Apolo de Dia Atena de Noite

Lá perto do fim, a narração concluí o que já estava claro: a necessidade de escutar os que ficaram e os que partiram, e de recompor laços rompidos. O desfecho adota um otimismo resolutivo: desavenças se desfazem, mãe e filha se reaproximam, e cada espírito alcança exatamente aquilo que buscava. A rapidez com que antigas pendências — algumas com séculos de espera — se resolvem confere ao final um ar novelesco, em que a conciliação desejada pesa mais que a complexidade dramática.




O roteiro não consegue dar profundidade a essas passagens espirituais. As histórias da prostituta e da sacerdotisa se resolvem de maneira burocrática, sem emoção, por exemplo.
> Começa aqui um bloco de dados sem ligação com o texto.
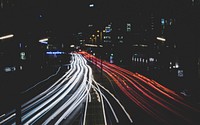 Red and white car light trails on an urban highway at night in Röddingsmarkt. Original public domain image from <a href="https://commons.wikimedia.org/wiki/File:Leon_Christopher_2017_(Unsplash).jpg" target="_blank" rel="noopener noreferrer nofollow">Wikimedia Commons</a>
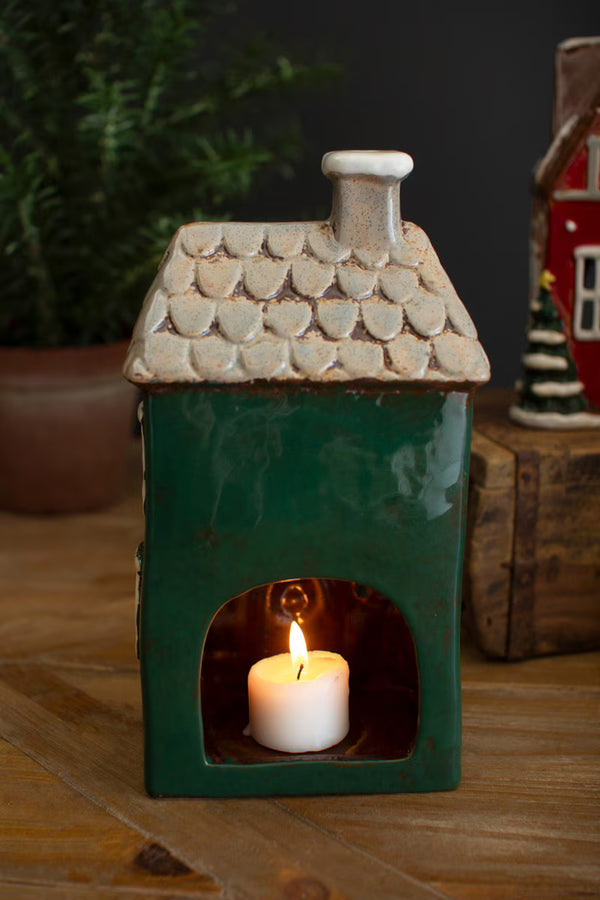 SET OF FOUR CERAMIC CHRISTMAS VILLAGE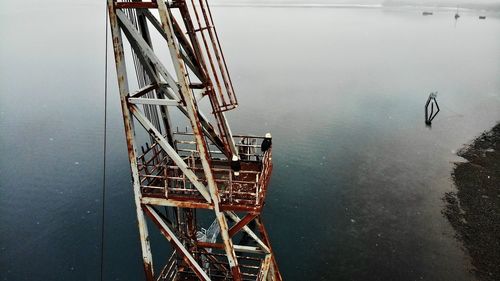 High angle view of cranes in lake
Apolo de Dia Atena de Noite

Apesar das boas intenções e da força simbólica da proposta, Apolo de Dia Atena de Noite termina sem alcançar o impacto emocional que parece buscar. Falta vigor na condução e coerência no tom, mas é possível reconhecer em Emine Yıldırım uma voz autoral em formação — interessada em temas de memória, perda e reconciliação.

É um filme de boas intenções e ecos poderosos, que tropeça na própria delicadeza. Ao tentar equilibrar o real e o espiritual, Yıldırım acaba diluindo ambos — e o que poderia ser uma reflexão profunda sobre a escuta e o luto se torna apenas um exercício irregular de estilo.

Apolo de Dia Atena de Noite faz parte da 49ª Mostra Internacional de Cinema de São Paulo, que ocorre entre 16 e 30 de outubro. O filme foi vencedor do prêmio de melhor filme da seção Asian Future no Festival de Tóquio.